Long Talk – Ms. Canobie

May 8, 2019

It’s coming to the end of another school year, and as always we have to say goodbye to some of our teachers here at ISB. As part of on ongoing series, PantherNation sits down with departing staff to get their thoughts on their time on ISB, and where they are going next.

Ms. Canobie has helped us have a quality life in ISB for 3 years as a dean of academics and leaving this school this year.

What is your favorite part of being a teacher at ISB?

I enjoyed my time working with students who work ambitiously toward their passions. You see it in the football field, the baseball pitch, basketball court, on the stage of musical performance, and in the classroom. The students in ISB care about what they do and they work hard.

Where are you going next year?

I’m going to Jamaica, to the American International School of Kingston to be the Head of School.

What has been your favorite memory of ISB?

My favorite memories are the assemblies, all run by students. I enjoy this occasion for the students to showcase what they are doing either inside or outside the classroom. I also like how the whole school comes together, and we do that regularly throughout the school year. I was especially impressed by the peace day and the language day when the whole school came together in the Rajendra, uniting as a community.

What would you say is your most memorable accomplishment here?

I have been able to construct the schedules so that the teachers in each department have common planning time. I hope I’ve managed to make a difference in how the teachers get to communicate with each other within the department.
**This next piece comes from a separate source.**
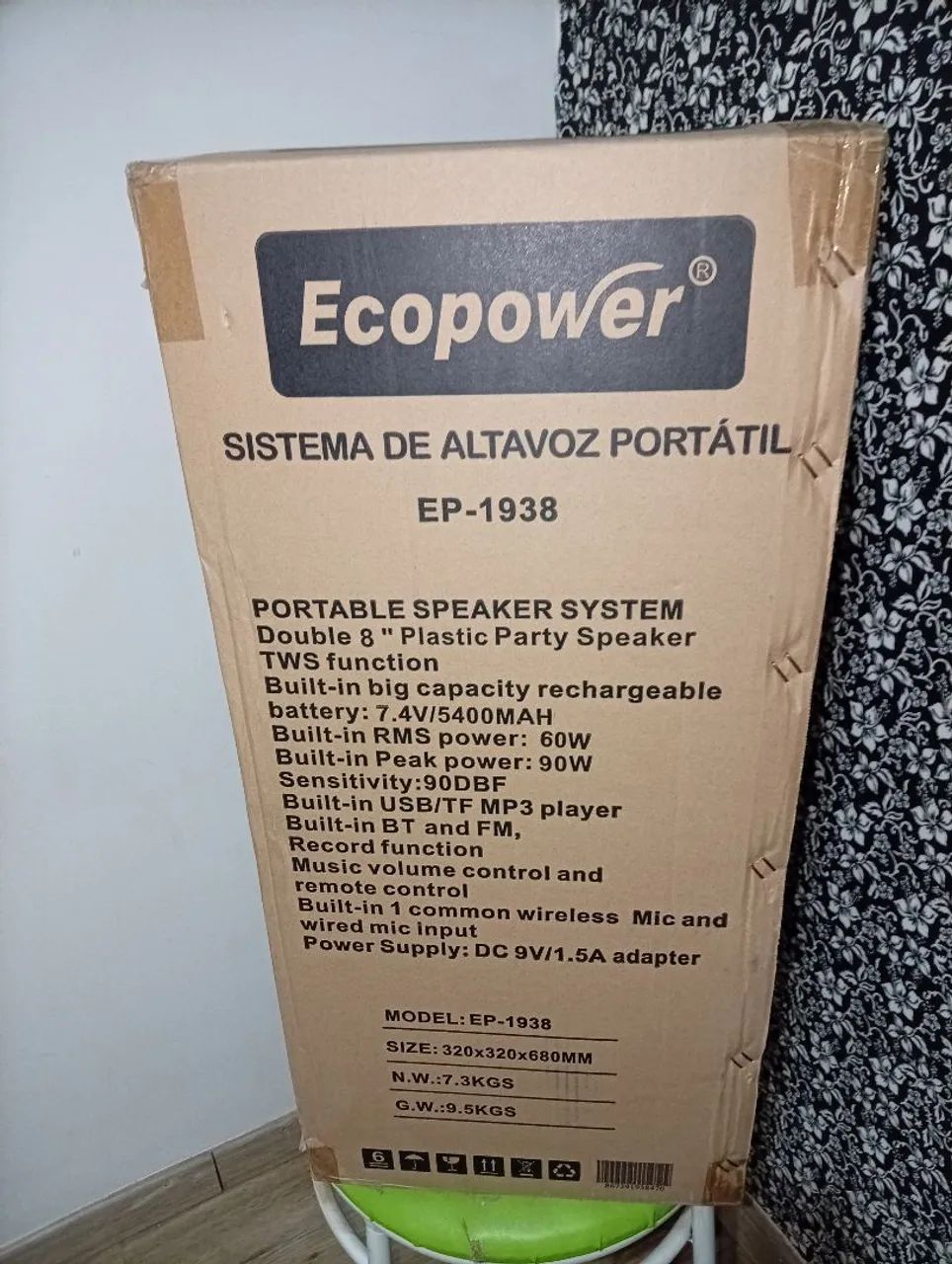 Caixa De Som Bluetooth LED Usb Sd Karaokê Ecopower Ep-1938 - Foto 5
What advice would you give students?

It may seem that the students’ daily actions are motivated by going to a good college or university. My advice for students would be: remember there is a life beyond that goal. Remember the ISB values. Remember that you’re all contributors to the world. Never forget your respect – respect for other cultures, respect for other human beings, respect for themselves, respect for the impact of your actions. That’s far more important in my eyes than getting all 7s and getting into a good college.